Having arrived at the point where the Continuum was divided, then the 'politics of fear' very largely took over. Although attempts at reconciliate were made, ultimately, what took over, and continues to divide the Anglican Continuum is what one might call "the fear of the other fellow." This is the down side of the sort of self-reliance that the Continuum has bred, and it tends to stop all attempts at union with negotiation sooner or later.

As a whole, the Continuum needs to get away from the 'politics of fear', and it will only do so if the bishops of the UECNA, APCK, and ACC meet on a regular basis. Unfortunately, that is not happening, and I think it is time that the bishops took note that, on the whole, the laity move between parishes in the different jurisdictions quite happily. They only note only that St. B's is a bit higher or lower, or a bit bigger or smaller, than St A's where they normally worship. Anecdotally, quite a few of the laity don't know which group their parish is in without looking it up. They are 'Anglicans' - they know who their bishop is and that is about it.

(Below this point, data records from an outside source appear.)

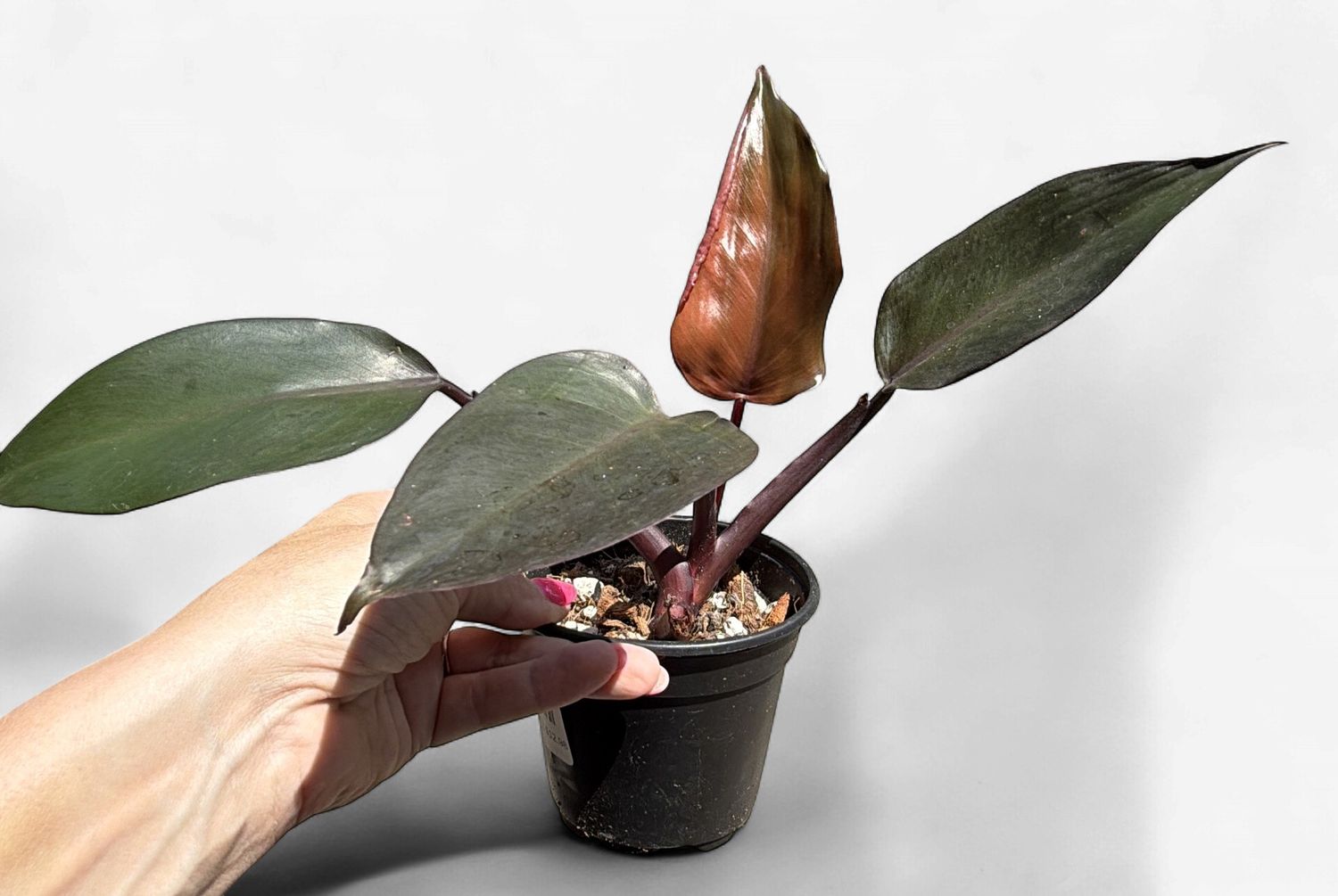 4" Philodendron New Red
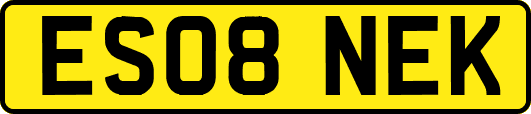 ES08NEK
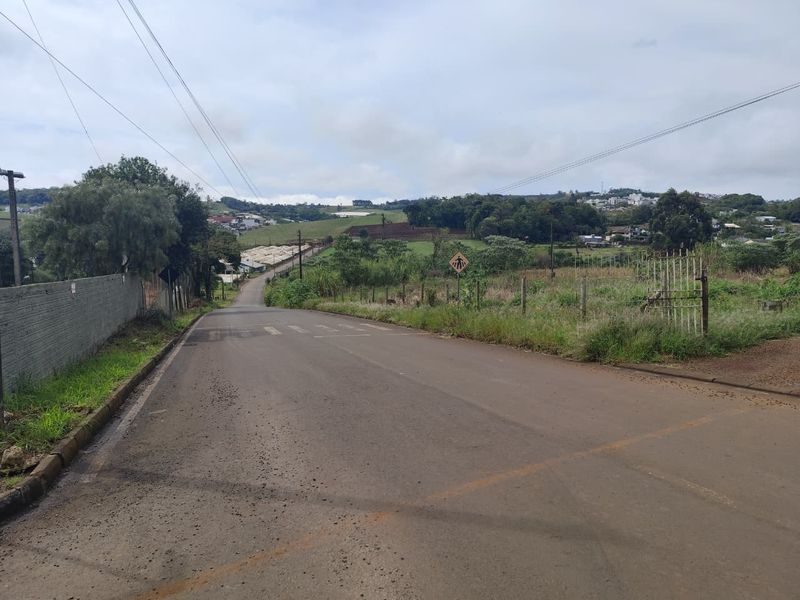 ÁREA DE TERRA - VILA REAL 4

The paranoia about "the other fellow" seems to be largely a clergy thing. Though in all fairness I should perhaps note that there have been enough 'inter-jurisdictional incidents' for this paranoia to have some basis in fact. However, we need to forgive and forget, and in some cases a few well chosen words of apology would not go amiss either.

For the Continuum to survive into its third and fourth generations we to achieve a jurisdictional unity which reflects our unity of faith. That is the great task - after Mission and the Re-evangelisation of America - that faces us in the next ten years.